29 marzo 2012 / 16:28 / 5 anni fa

PUNTO 1-Fonsai, lesivo accostamento a fallimenti, tonfo in Borsa

(Accorpa pezzi, aggiunge fonte giudiziaria, aggiorna titoli)

di Andrea Mandalà e Gianluca Semeraro

MILANO, 29 marzo (Reuters) - Fondiaria-Sai considera “fortemente lesivo” della propria reputazione l‘accostamento con altre vicende giudiziarie che hanno riguardato società “in evidenti e acclarate situazioni fallimentari”.

E’ questa la replica della compagnia fiorentina alle indiscrezioni dei media di questi giorni sugli sviluppi giudiziari che hanno portato ad accostare la situazione di Fonsai a quella, ad esempio, del San Raffaele. Un quotidiano ha citato anche i casi Cirio e Risanamento.

“Tale arbitrario accostamento - prosegue la nota Fonsai - influenza peraltro l‘andamento in Borsa del titolo Fondiaria-Sai con evidenti impatti negativi sullo stesso”.

Oggi infatti Fondiaria-Sai ha perso il 14,03%, mentre Premafin ha lasciato sul terreno il 13,77%. Per entrambe i volumi sono nella norma. La controllata Milano Assicurazioni ha perso l‘8,85%.

Anche Unipol ha perso oltre 3% sui timori che gli sviluppi giudiziari mettano a rischio l‘operazione con Premafin-Fonsai.

“Non si può escludere che l‘inchiesta della Procura di Milano su Premafin e Fonsai metta a rischio il piano Unipol o quantomeno ritardarne l‘esecuzione”, dice infatti un trader che cita anche le ricostruzioni stampa secondo le quali i magistrati non avrebbero escluso la possibilità di presentare anche l‘istanza di fallimento soprattutto nella parte alta della catena della galassia Ligresti.

Oggi i legali del gruppo Ligresti hanno avuto un colloquio con il Pm Luigi Orsi, dice una fonte giudiziaria senza però dare indicazioni sui contenuti dell‘incontro.

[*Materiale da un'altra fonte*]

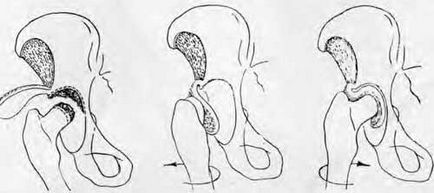 Diastasis csont - kezelés - a tuberkulózis, a csípőízület (koksz) - Klinika és kezelése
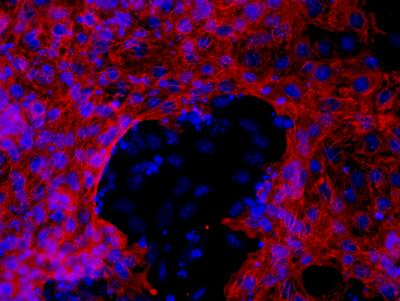 Stem Cell Differentiation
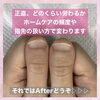 「まむし指が改善できる！【福井市ネイルサロン/自爪育成】」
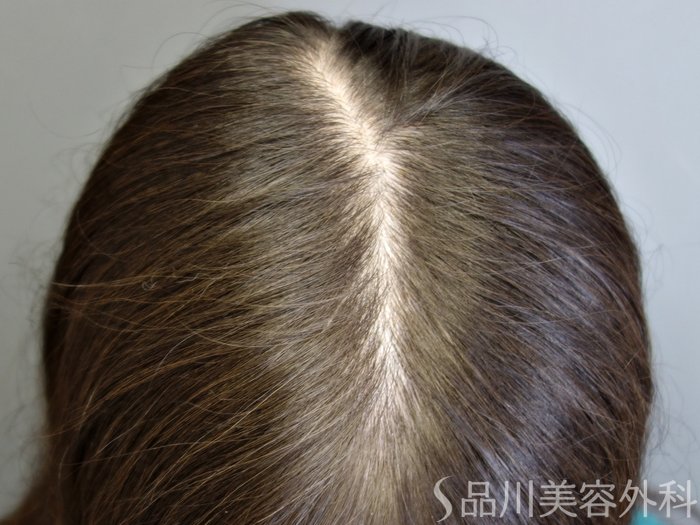 症例NO.73856のBEFORE写真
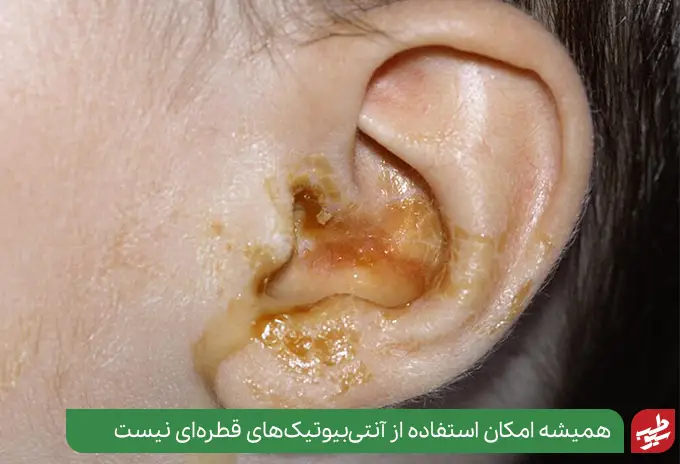 بهترین آنتی بیوتیک برای عفونت گوش را نمی‌توان در عفونت شدید به گوش تزریق کرد|سیوطب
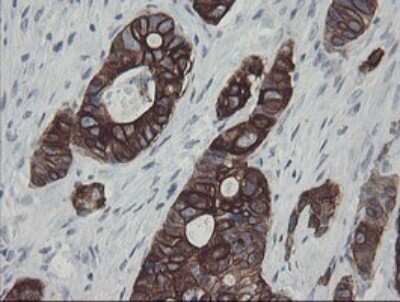 Immunohistochemistry: SLA2 Antibody (OTI3A7) - Azide and BSA Free [NBP2-74210]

Due giorni fa una fonte investigativa ha riferito che dagli accertamenti finora svolti dalla procura di Milano nell‘ambito dell‘inchiesta sul gruppo Premafin e Fondiaria-Sai emerge un quadro allarmante e una situazione “ancora più complicata del San Raffaele”. Una seconda fonte aveva poi detto che erano al vaglio degli inquirenti tre possibili ipotesi di reato: aggiottaggio, insider trading o falso in bilancio.

Ieri invece un‘altra fonte investigativa ha riferito che l‘ipotesi di reato iscritta al momento è “manipolazione del mercato”.

Proprio in risposta alle prime indiscrezioni sugli sviluppi gioudiziari, due giorni fa in una nota Premafin aveva ribadito che si va avanti con il progetto di integrazione con Unipol.

Domani si terrà un Cda di Premafin in cui si metterà nero su bianco il valore della quota Fonsai dopo l‘impairment test condotto da PwC e Maurizio Dallocchio, passo necessario per l‘approvazione del bilancio. Inoltre il consiglio sarà chiamato a deliberare sulla proposta di aumento di capitale riservato a Unipol nell‘ambito del piano di integrazione.

Premafin ha intanto depositato presso la sede Fonsai la propria lista per il rinnovo del Cda che vede ancora la presenza dell‘attuale presidente Jonella Ligresti, dice una fonte vicina alla situazione. Il termine scade oggi e non è chiaro se Palladio e Sator, le due finanziarie promotrici di un progetto alternativo a quello di Unipol, presenteranno una propria lista.